`data-highlight` attribute

A custom Datastar attribute plugin that uses the CSS Custom Highlight API to add syntax highlighting to elements.

<pre data-highlight="json">
  {
    "foo": "bar",
    "baz": false
  }
</pre>

The example above is, in fact, using the plugin to style the html markup in the code snippet!

#Getting started

The plugin expects you to provide an import map that specifies the location of the datastar module, as well as any languages you want to support.

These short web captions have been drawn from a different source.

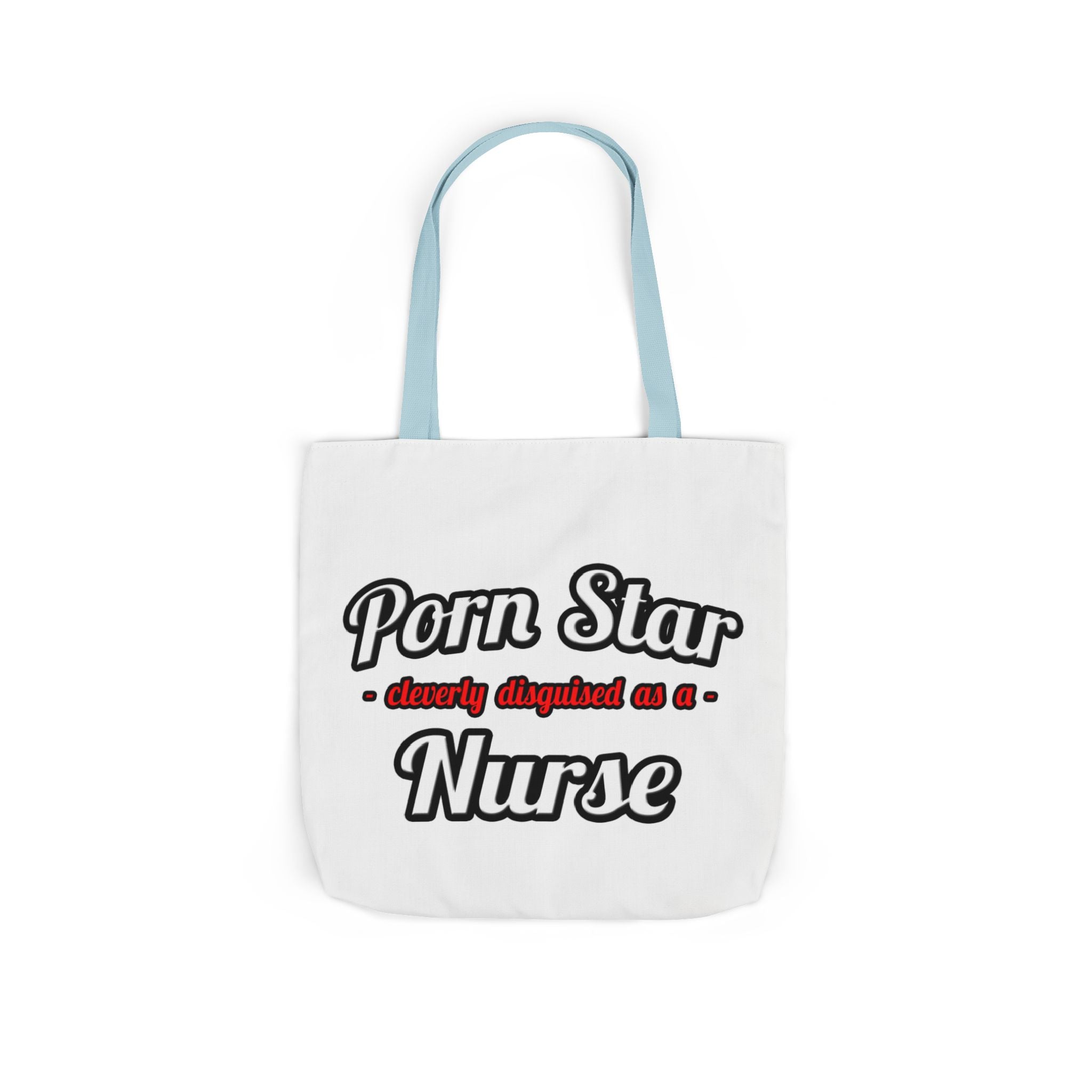 Porn Star...Nurse - Canvas Tote Bag, 5-Color Straps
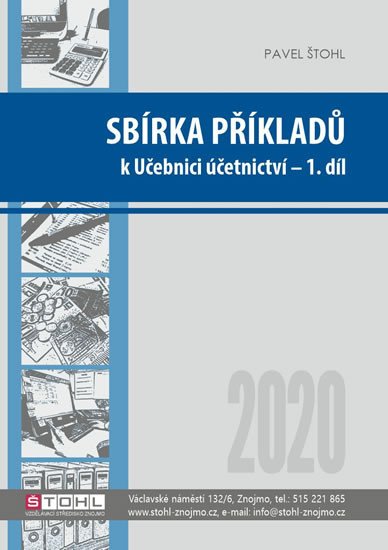 SBÍRKA PŘÍKLADŮ K UČEBNICI ÚČETNICTVÍ 1.DÍL 2020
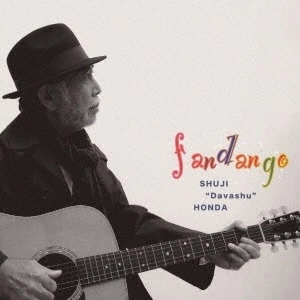 SHUJI HONDA / 本田修二 / FANDANGO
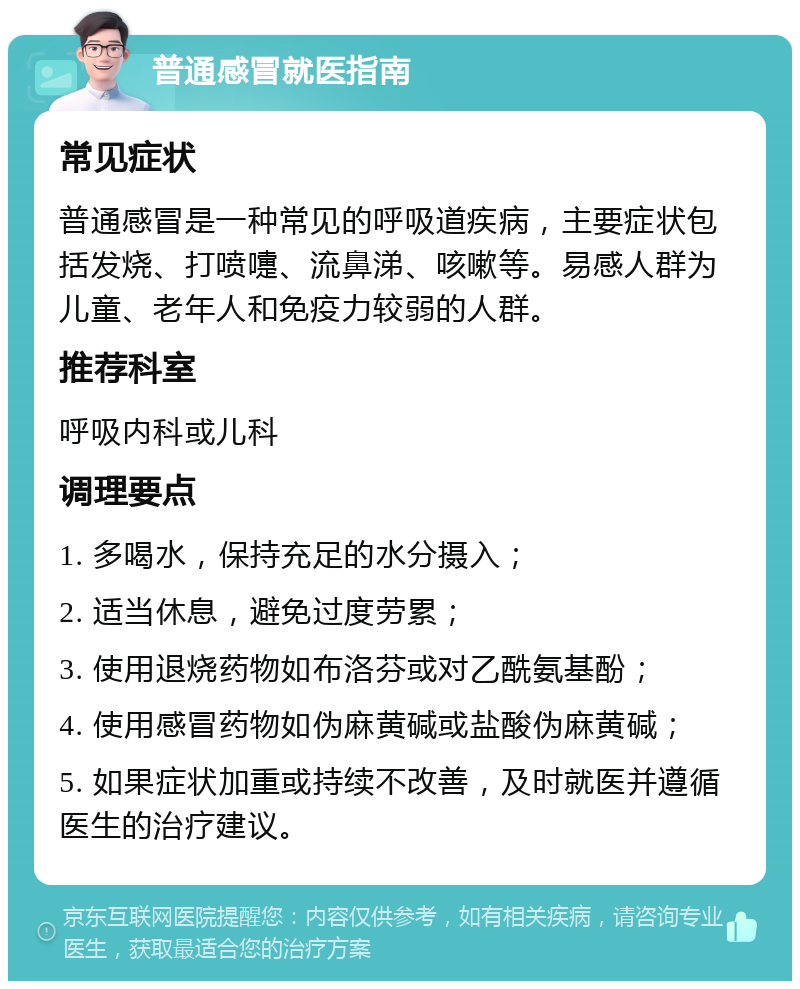 普通感冒就医指南 常见症状 普通感冒是一种常见的呼吸道疾病，主要症状包括发烧、打喷嚏、流鼻涕、咳嗽等。易感人群为儿童、老年人和免疫力较弱的人群。 推荐科室 呼吸内科或儿科 调理要点 1. 多喝水，保持充足的水分摄入； 2. 适当休息，避免过度劳累； 3. 使用退烧药物如布洛芬或对乙酰氨基酚； 4. 使用感冒药物如伪麻黄碱或盐酸伪麻黄碱； 5. 如果症状加重或持续不改善，及时就医并遵循医生的治疗建议。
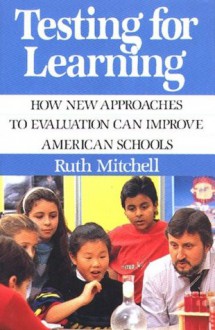 Testing for Learning - Ruth Mitchell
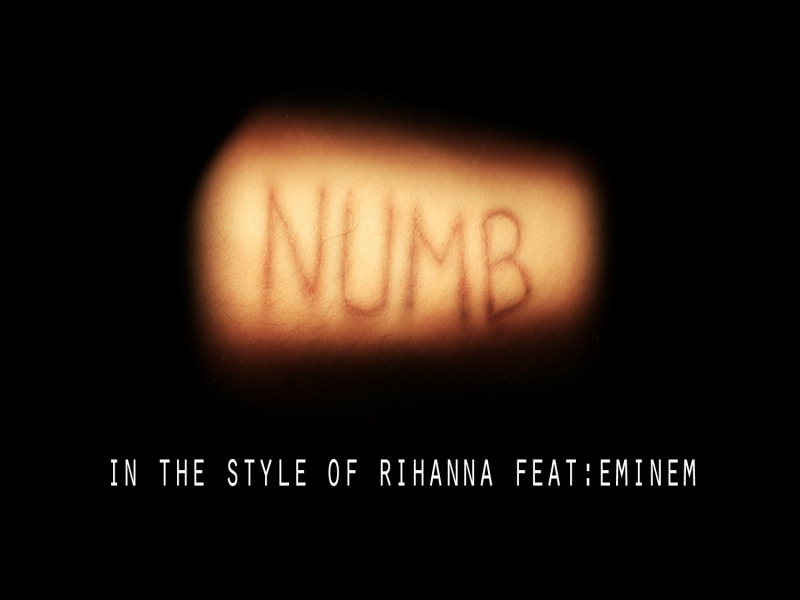 Numb (In The Style of Rihanna feat. Eminem)
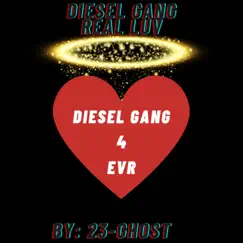 Diesel Gang Real Luv (Diesel Gang 4Evr) Song Lyrics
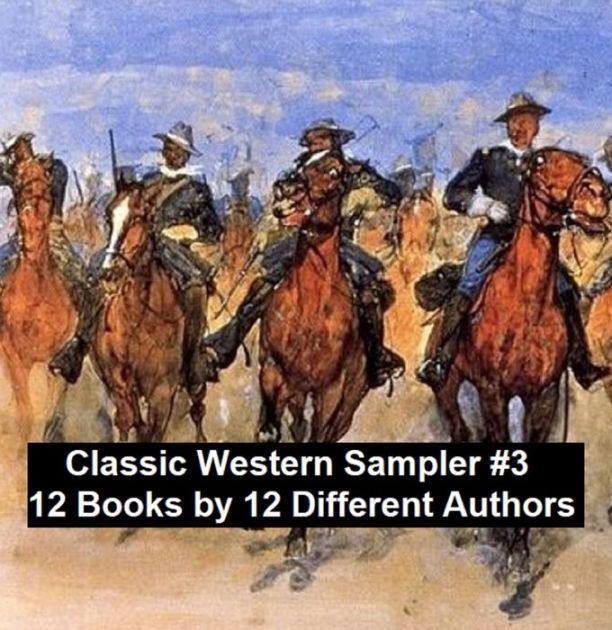 Classic Western Sampler 3 12 Books by 12 Different Authors by Max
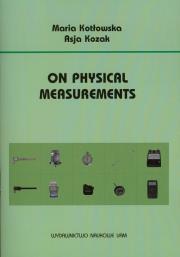 On physical measurements. Autor: Kotłowska Maria, Kozak Asja. Dadada.pl Okładka książki On physical measurements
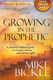 Growing In The Prophetic by Mike Bickle. Christian Resource Centre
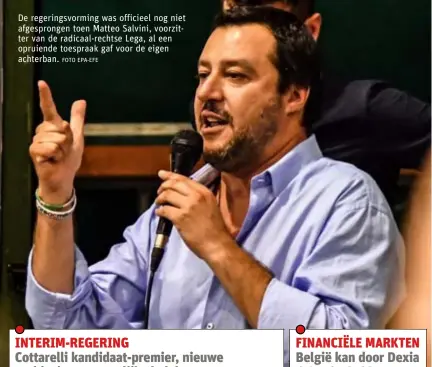  ?? FOTO EPA-EFE ?? De regeringsv­orming was officieel nog niet afgesprong­en toen Matteo Salvini, voorzitter van de radicaal-rechtse Lega, al een opruiende toespraak gaf voor de eigen achterban.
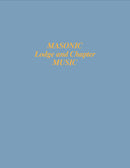 Masonic Lodge and Chapter Music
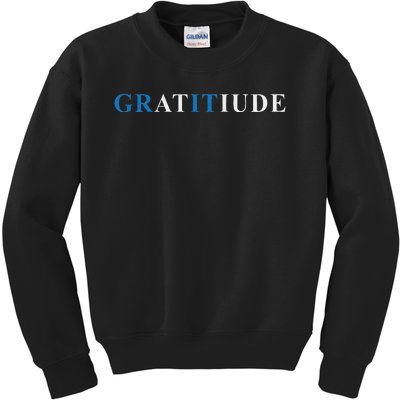 Gratitude Grit Blue Letter Inspirational Message Kids Sweatshirt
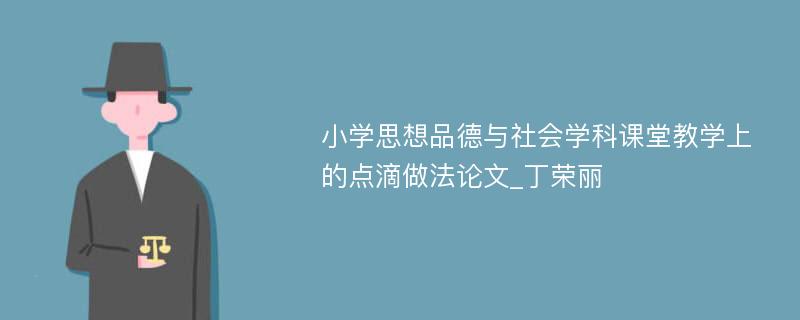 小学思想品德与社会学科课堂教学上的点滴做法论文_丁荣丽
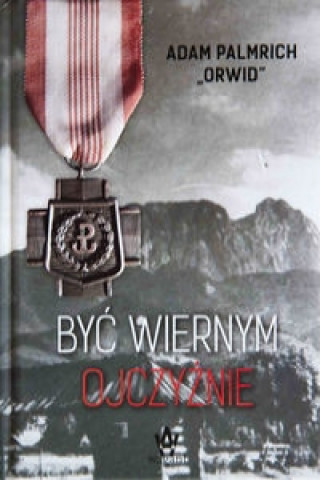 Libro Byc wiernym ojczyznie Adam Palmrich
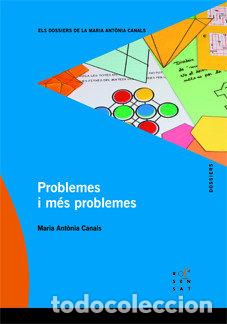 books: PROBLEMES I MES PROBLEMES - CANALS, MARIA ANT&Atilde;NIA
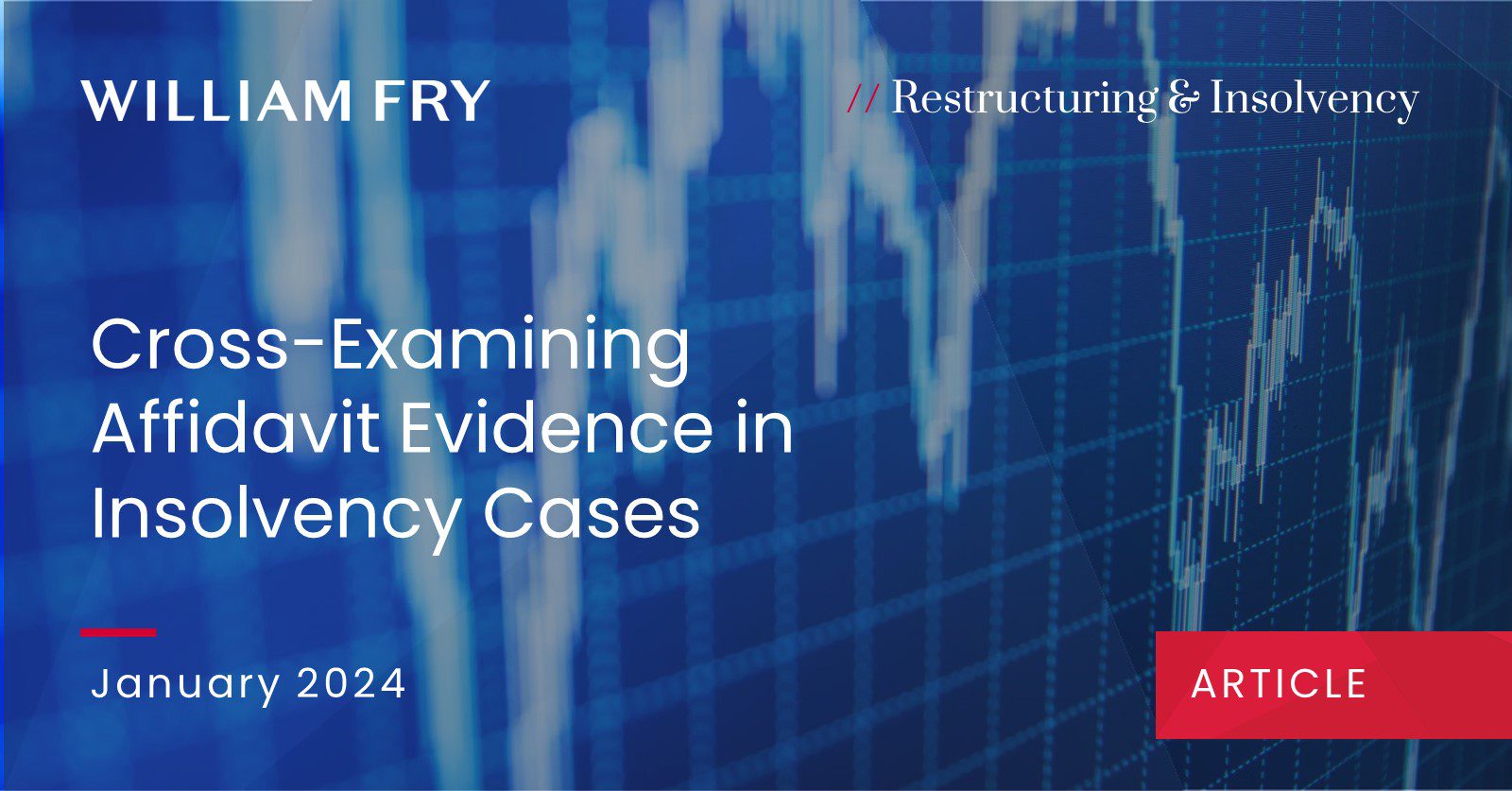 Cross-Examining Affidavit Evidence in Insolvency Cases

To include languages, you must create an import mapping for each, using the module name format: data-highlight:<lang_code>.

Then, it's a simple matter of including a <script type="module"> element for the plugin and a <link rel="stylesheet"> with the relevant CSS. For example, the following configuration will enable highlighting for css, json, and html:

<script type="importmap">
  {
    "imports": {
      "datastar": "https://cdn.jsdelivr.net/gh/starfederation/datastar@1.0.0-RC.6/bundles/datastar.js",
      "data-highlight:css": "https://cdn.jsdelivr.net/gh/regaez/data-highlight@0.1.0/dist/tokenizerss/css.js",
      "data-highlight:json": "https://cdn.jsdelivr.net/gh/regaez/data-highlight@0.1.0/dist/tokenizerss/json.js",
      "data-highlight:html": "https://cdn.jsdelivr.net/gh/regaez/data-highlight@0.1.0/dist/tokenizerss/html.js"
    }
  }
</script>
<link href="https://cdn.jsdelivr.net/gh/regaez/data-highlight@0.1.0/data-highlight.css" rel="stylesheet">
<script type="module" src="https://cdn.jsdelivr.net/gh/regaez/data-highlight@0.1.0/dist/data-highlight.js"></script>

You can view the source code on Github. Check out the tokenizers directory to view all currently available language tokenizers.

#Examples

You can inspect the HTML to see how each of the examples work.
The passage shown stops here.